La tumba de Vernon se puede visitar en Westminster, la de Lezo está perdida. ¡Qué injusticia! Nadie pide una estatua de cinco metros y medio sobre un pedestal de granito de 45 metros, como la que tiene Horatio Nelson en Trafalgar Square, pero hombre, un recuerdo más sencillo al menos. El problema con estos héroes de antaño es que su relato depende de las circunstancias políticas actuales, en vez de que dependa solo de los historiadores y de la lectura correcta de los hechos.
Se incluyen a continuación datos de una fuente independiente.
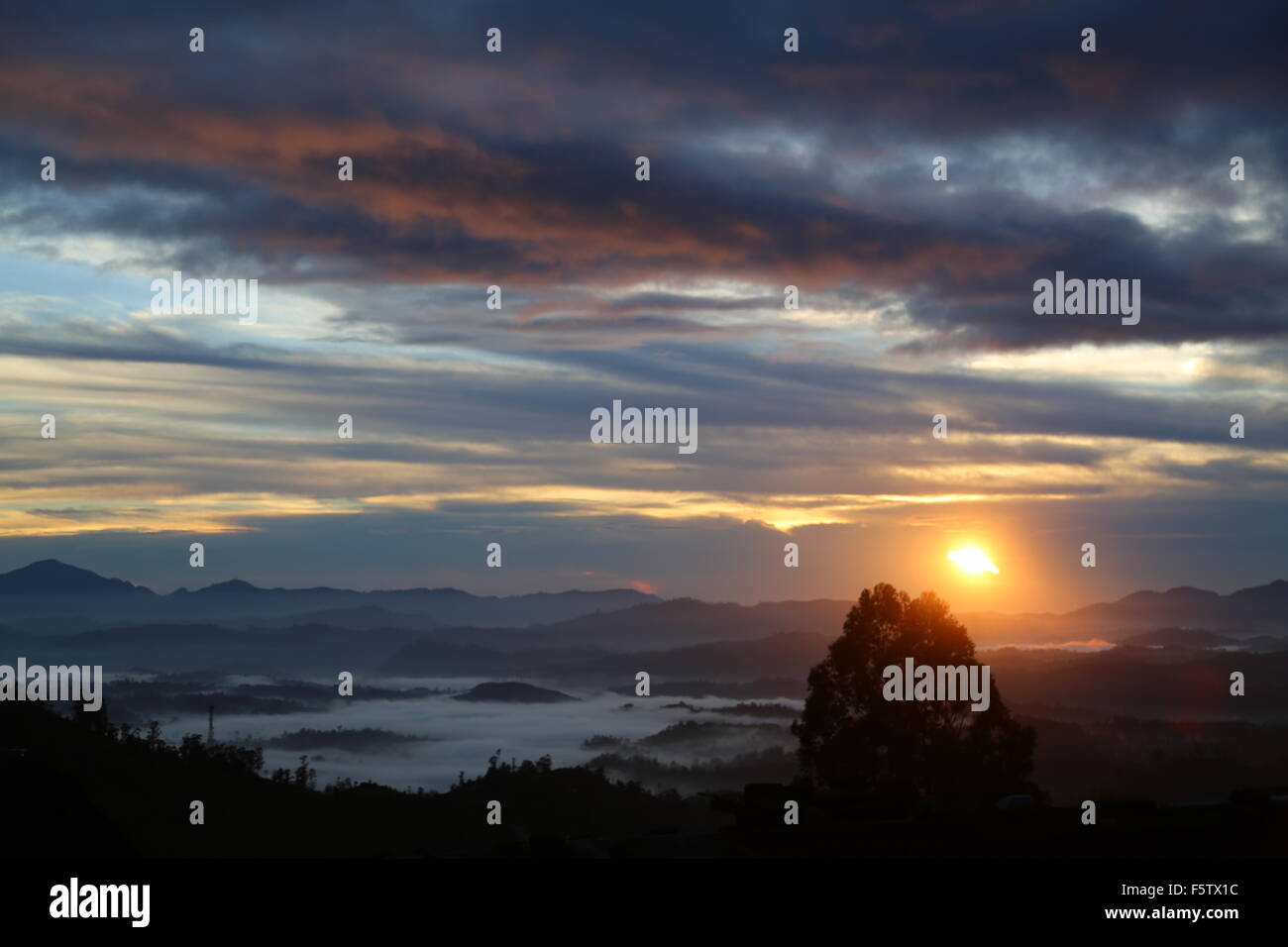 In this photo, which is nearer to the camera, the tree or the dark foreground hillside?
the dark foreground hillside

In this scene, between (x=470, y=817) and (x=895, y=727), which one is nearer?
(x=895, y=727)

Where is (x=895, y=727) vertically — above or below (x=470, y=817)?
above

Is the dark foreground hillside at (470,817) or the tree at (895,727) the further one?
the tree at (895,727) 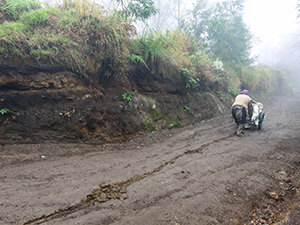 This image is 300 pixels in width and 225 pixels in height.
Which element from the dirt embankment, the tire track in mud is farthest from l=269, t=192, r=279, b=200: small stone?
the dirt embankment

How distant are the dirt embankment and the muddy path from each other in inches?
16.4

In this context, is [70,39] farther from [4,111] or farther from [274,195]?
[274,195]

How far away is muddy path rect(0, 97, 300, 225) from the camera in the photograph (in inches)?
106

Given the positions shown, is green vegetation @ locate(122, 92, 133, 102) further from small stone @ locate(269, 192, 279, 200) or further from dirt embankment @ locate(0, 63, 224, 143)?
small stone @ locate(269, 192, 279, 200)

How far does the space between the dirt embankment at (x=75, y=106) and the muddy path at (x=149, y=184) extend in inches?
16.4

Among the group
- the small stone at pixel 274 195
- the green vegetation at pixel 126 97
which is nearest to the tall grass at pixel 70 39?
the green vegetation at pixel 126 97

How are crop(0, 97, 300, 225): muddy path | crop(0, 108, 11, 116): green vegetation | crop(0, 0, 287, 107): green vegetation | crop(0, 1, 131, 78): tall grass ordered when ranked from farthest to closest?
crop(0, 0, 287, 107): green vegetation, crop(0, 1, 131, 78): tall grass, crop(0, 108, 11, 116): green vegetation, crop(0, 97, 300, 225): muddy path

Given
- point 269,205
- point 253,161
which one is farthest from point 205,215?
point 253,161

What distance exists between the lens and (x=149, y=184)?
3.54 meters

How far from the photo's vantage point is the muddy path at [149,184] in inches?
106

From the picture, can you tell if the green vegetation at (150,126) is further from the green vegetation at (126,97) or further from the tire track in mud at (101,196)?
the tire track in mud at (101,196)

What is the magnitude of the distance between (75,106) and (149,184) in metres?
3.14

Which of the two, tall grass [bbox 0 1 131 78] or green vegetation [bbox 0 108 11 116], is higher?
tall grass [bbox 0 1 131 78]

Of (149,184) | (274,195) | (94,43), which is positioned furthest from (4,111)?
(274,195) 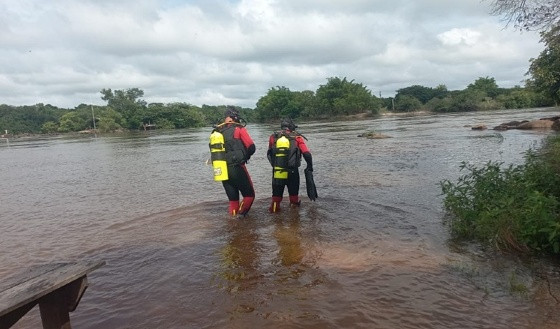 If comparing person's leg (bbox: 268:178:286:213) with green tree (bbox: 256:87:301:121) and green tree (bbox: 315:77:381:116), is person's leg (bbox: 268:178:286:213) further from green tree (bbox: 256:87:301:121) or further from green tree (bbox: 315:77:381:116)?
green tree (bbox: 256:87:301:121)

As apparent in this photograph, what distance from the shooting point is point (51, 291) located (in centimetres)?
321

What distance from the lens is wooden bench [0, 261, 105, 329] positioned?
A: 122 inches

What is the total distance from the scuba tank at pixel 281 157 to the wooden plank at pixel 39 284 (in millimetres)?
5504

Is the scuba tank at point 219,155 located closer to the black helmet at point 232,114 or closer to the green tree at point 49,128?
the black helmet at point 232,114

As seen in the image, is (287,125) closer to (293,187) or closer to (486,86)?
(293,187)

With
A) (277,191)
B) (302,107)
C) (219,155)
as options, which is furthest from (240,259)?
(302,107)

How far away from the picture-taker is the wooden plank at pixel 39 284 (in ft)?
9.46

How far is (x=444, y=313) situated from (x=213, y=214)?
5.97 m

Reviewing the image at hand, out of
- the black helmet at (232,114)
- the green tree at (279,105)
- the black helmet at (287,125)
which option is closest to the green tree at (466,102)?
the green tree at (279,105)

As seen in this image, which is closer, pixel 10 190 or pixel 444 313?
pixel 444 313

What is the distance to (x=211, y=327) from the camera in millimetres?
4242

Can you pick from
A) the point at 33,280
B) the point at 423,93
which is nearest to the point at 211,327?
the point at 33,280

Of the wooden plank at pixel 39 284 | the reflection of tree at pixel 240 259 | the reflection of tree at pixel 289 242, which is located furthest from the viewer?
the reflection of tree at pixel 289 242

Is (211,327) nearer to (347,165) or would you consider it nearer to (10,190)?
(347,165) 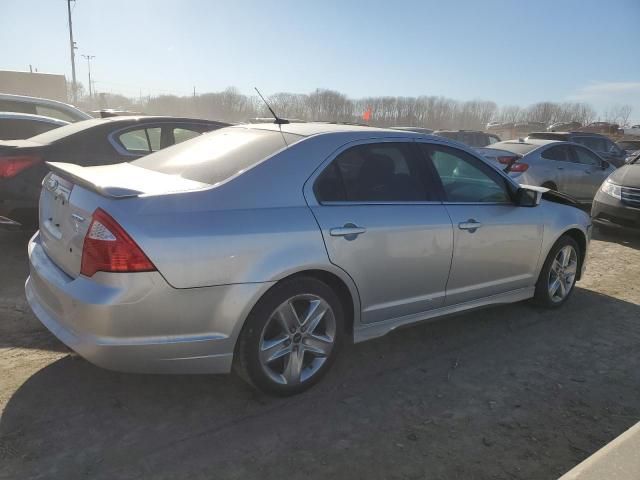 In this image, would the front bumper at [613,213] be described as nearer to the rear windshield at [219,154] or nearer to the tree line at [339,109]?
the rear windshield at [219,154]

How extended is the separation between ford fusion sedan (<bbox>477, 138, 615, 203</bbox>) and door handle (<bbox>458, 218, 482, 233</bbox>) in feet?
19.3

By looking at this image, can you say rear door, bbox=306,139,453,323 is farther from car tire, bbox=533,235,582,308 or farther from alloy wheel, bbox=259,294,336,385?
car tire, bbox=533,235,582,308

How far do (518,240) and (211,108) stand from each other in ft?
210

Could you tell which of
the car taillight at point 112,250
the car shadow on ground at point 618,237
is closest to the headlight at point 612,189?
the car shadow on ground at point 618,237

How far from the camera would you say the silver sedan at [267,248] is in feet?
8.48

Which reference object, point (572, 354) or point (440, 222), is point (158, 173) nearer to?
point (440, 222)

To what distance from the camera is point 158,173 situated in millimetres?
3281

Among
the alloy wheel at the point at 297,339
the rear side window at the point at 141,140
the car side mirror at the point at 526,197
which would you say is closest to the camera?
the alloy wheel at the point at 297,339

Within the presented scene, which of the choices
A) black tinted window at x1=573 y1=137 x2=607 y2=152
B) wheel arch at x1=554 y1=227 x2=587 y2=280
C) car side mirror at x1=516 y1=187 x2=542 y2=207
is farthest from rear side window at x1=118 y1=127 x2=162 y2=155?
black tinted window at x1=573 y1=137 x2=607 y2=152

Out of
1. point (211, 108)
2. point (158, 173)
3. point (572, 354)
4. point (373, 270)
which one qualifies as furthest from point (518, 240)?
point (211, 108)

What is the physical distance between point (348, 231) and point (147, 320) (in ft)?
4.13

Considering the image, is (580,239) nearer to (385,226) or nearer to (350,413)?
(385,226)

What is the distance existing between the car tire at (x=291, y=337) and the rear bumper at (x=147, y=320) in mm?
108

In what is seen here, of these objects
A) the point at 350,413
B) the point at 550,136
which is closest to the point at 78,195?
the point at 350,413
A Lezo le pusieron una estatua, por suscripción popular, en plena plaza de Colón de Madrid, con la alcaldesa Botella de anfitriona y Juan Carlos I de invitado. Así le revistieron con una capa de la derecha política centralista que encendió las iras del actual presidente del Barça, Joan Laporta, a la sazón concejal en el ayuntamiento de Barcelona, enemigo declarado de Lezo porque atacó Barcelona desde el mar. Claro, defendía como marino a Felipe V en la Guerra de Sucesión contra Carlos de Austria.

Es lo malo de ver la Historia con las anteojeras del subjetivismo y de la realidad actual. Fueron personajes de otra época, con otras costumbres, con otra forma de vida y de relación. Tratar de juzgarlos desde nuestro mundo hiperconectado y, supuestamente, bien informado, resulta una tarea poco adecuada. 

Hace algunos años, en los tiempos en los que ETA actuaba y la razón se nublaba, en su pueblo natal la estatua conmemorativa de otro marino guipuzcoano que logró la hazaña del Tornaviaje, la ruta transpacífica desde Filipinas hasta México, Andrés de Urdaneta, apareció pintarrajeada de  rojo y amarillo. Los autores de aquel desaguisado querían hacer un viaje en el tiempo y gritarle a Urdaneta: “¡Español!” Urdaneta no escuchó el grito, pero si lo hubiera hecho quedaría sorprendido porque no entendería nada. En su época, Gipuzkoa estaba unida a Castilla y las aduanas funcionaron durante siglos en el Ebro y no pasaba nada, los marinos vascos siguieron trabajando codo con codo con andaluces o castellanos.

Cuando Elcano se encontraba moribundo en la expedición Loaysa que siguió la senda de la primera vuelta al mundo, dictó un testamento que redactó el propio Andrés de Urdaneta, a la sazón un joven dieciochoañero. El testamento lo firmaron como testigos a bordo de una nao en medio del Océano Pacífico seis vascos, cinco de ellos guipuzcoanos. Y este es el quid de la cuestión. Esa nómina impresionante de marinos vascos que dieron su vida en mil batallas parecen chocar hoy con lo políticamente correcto.

Cuando uno pasea por las calles de San Sebastián y llega al palacio de la Diputación observa en lo alto de la fachada cinco bustos de otros tantos personajes. Son sólo una representación de los marinos guipuzcoanos que dieron días de gloria al territorio, pero sus nombres lo dicen todo: Juan Sebastián Elcano, el primero en dar la vuelta al mundo, Andrés de Urdaneta, descubridor del Tornaviaje transpacífico, Miguel López de Legazpi, conquistador de las Islas Filipinas, Antonio de Oquendo, capitán general de la Armada Oceánica y Blas de Lezo, vencedor de la batalla de Cartagena. 

Vaya como final una anécdota que dice mucho sobre la hombría de bien de aquella gente. En su prolijo testamento, Elcano se acuerda, años después, de Andrés de San Martín, el piloto y cosmógrafo sevillano de la expedición Magallanes, que murió o desapareció en Filipinas. Tiene la esperanza de que quizá siga vivo y por eso dice que “é si toparen á Andres de San Martín” le den unos libros y tres varas de paño de su propiedad. Años antes, cuando los navegantes de esa primera vuelta al mundo llegaron a Sanlúcar de Barrameda, traían un buen número de barricas llenas de especias que se pagaban a precio muy alto. Una de ellas, llena de clavo de olor, fue depositada en la Casa de Contratación de Sevilla a nombre de Andrés de San Martín. Tenía un valor de 88.000 maravedís y fue entregada a su hermano.